EXERCISE MATERIALS:
- Opening Delimiter -

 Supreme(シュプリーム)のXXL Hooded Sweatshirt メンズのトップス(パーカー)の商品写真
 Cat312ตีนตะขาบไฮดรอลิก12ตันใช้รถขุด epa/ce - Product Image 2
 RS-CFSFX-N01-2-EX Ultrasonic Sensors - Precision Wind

- Closing Delimiter -
- Opening Delimiter -

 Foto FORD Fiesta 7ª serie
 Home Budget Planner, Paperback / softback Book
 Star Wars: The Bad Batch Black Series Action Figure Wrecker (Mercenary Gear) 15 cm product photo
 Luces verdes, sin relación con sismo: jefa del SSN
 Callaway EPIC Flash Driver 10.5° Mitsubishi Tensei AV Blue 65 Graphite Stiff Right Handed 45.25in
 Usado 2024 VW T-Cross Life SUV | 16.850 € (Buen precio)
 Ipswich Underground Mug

- Closing Delimiter -
- Opening Delimiter -

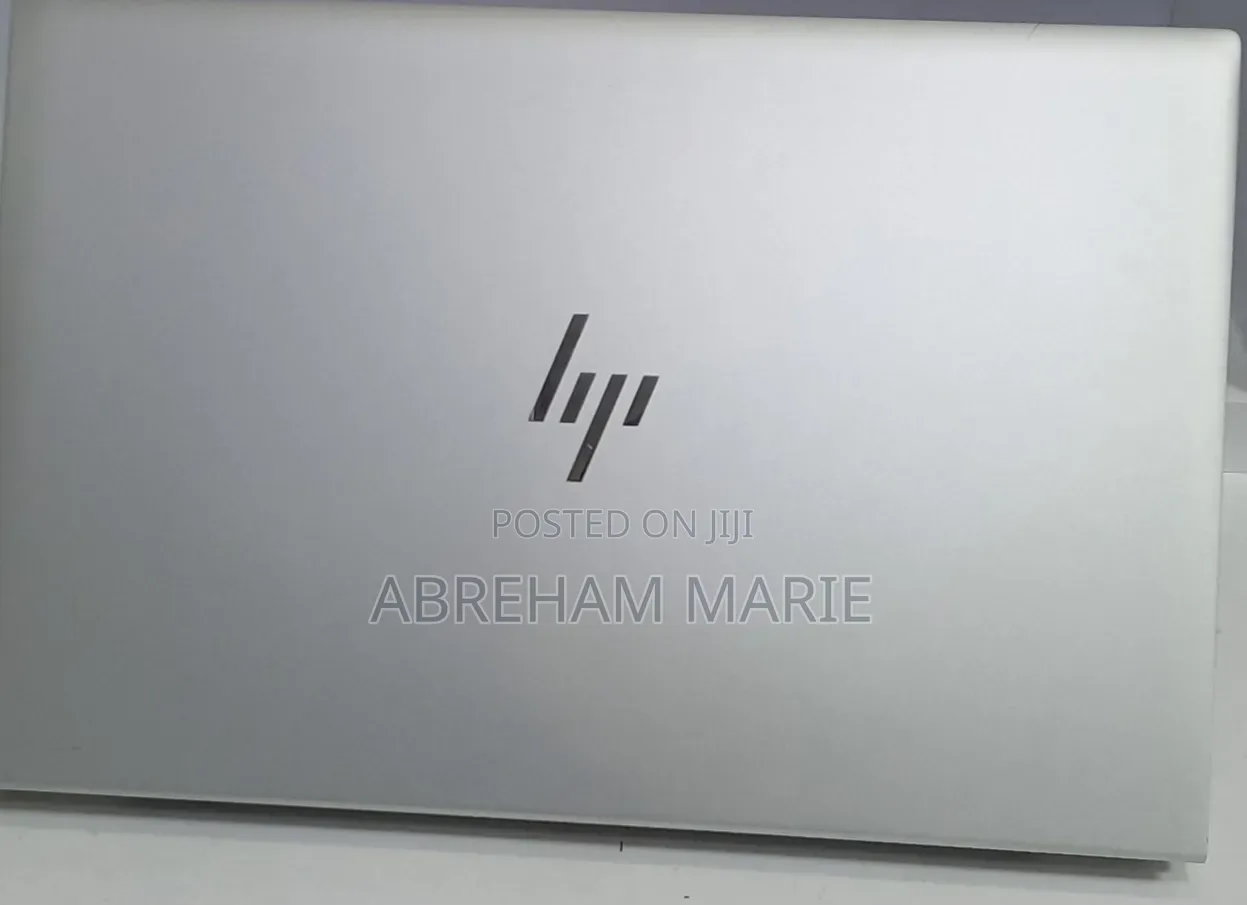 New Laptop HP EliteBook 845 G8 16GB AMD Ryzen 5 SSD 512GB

- Closing Delimiter -

ACTION ITEM: Above are the records; print exactly the lines from the line with "Supreme(シュプリーム)のXXL Hooded Sweatshirt" to the line with "RS-CFSFX-N01-2-EX Ultrasonic Sensors", including both, and nothing else.

RESULT:
 Supreme(シュプリーム)のXXL Hooded Sweatshirt メンズのトップス(パーカー)の商品写真
 Cat312ตีนตะขาบไฮดรอลิก12ตันใช้รถขุด epa/ce - Product Image 2
 RS-CFSFX-N01-2-EX Ultrasonic Sensors - Precision Wind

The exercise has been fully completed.